◆ WORK INSTRUCTIONS: Output every record verbatim, and omit each picture.

◆ DATA:
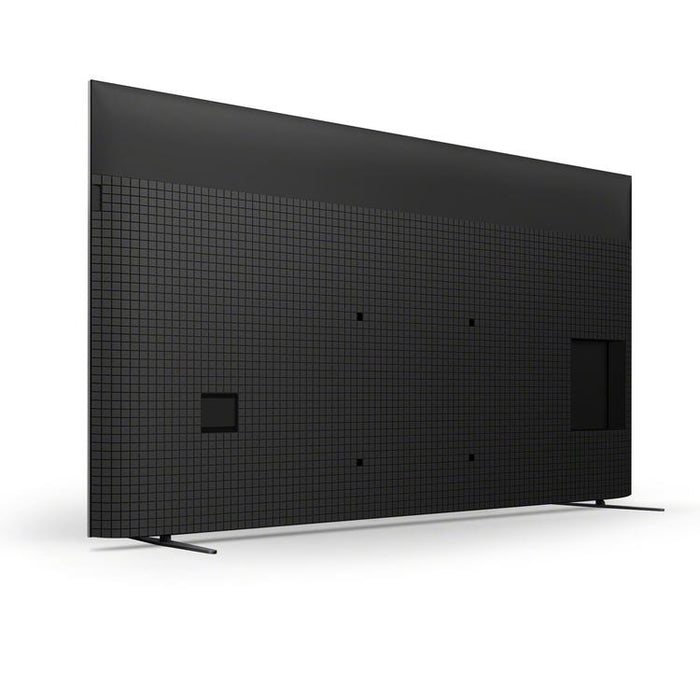 Sony BRAVIA7 K-75XR70 | Téléviseur 75" - Mini DEL - Série XR70 - 4K HDR - Google TV-SONXPLUS Val-des-sources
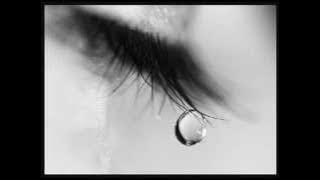 manjum madhumariyum.wmv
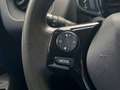 Peugeot 108 1.0 e-VTi Active met o.a. Airco, Bluetooth en Elek Bleu - thumbnail 17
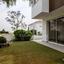 4 bedroom detached house for sale xylotymvou larnaca 1560162 thumbnail 12931953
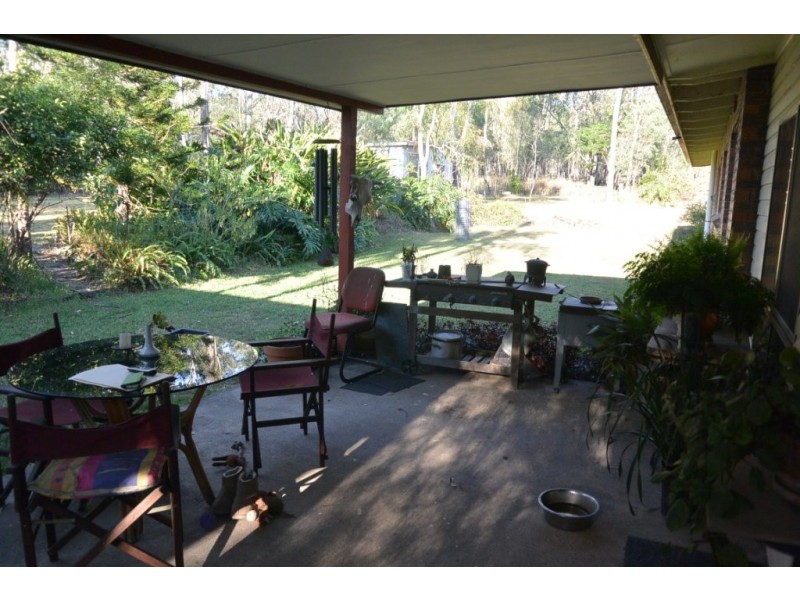 80-88 Jarrah Rd, Cedar Vale QLD 4285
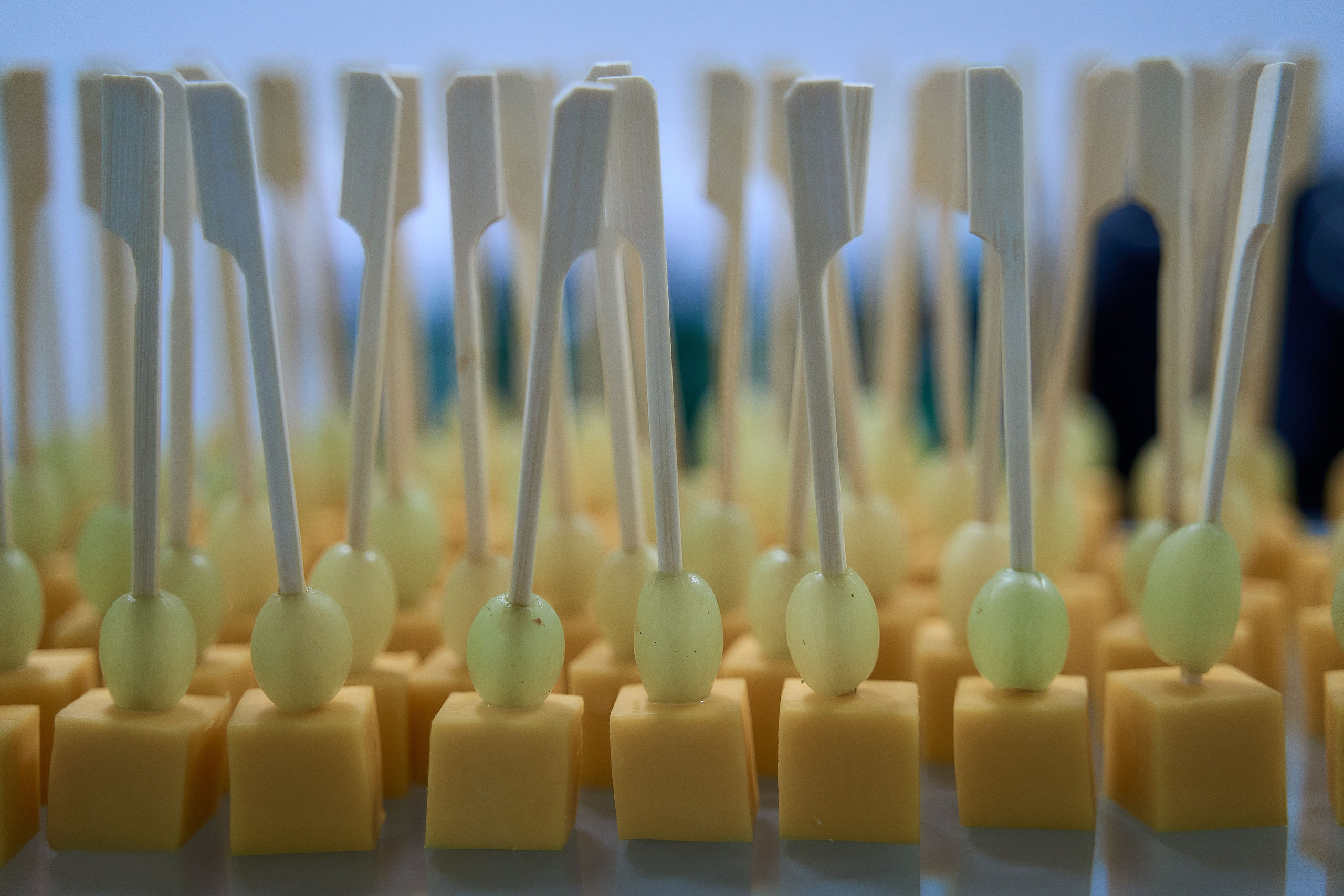 Строп. Фотограф и видеограф в Екатеринбурге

◆ ANSWER TO THE EXERCISE:
 Sony BRAVIA7 K-75XR70 | Téléviseur 75" - Mini DEL - Série XR70 - 4K HDR - Google TV-SONXPLUS Val-des-sources
 manjum madhumariyum.wmv
 Peugeot 108 1.0 e-VTi Active met o.a. Airco, Bluetooth en Elek Bleu - thumbnail 17
 4 bedroom detached house for sale xylotymvou larnaca 1560162 thumbnail 12931953
 80-88 Jarrah Rd, Cedar Vale QLD 4285
 Строп. Фотограф и видеограф в Екатеринбурге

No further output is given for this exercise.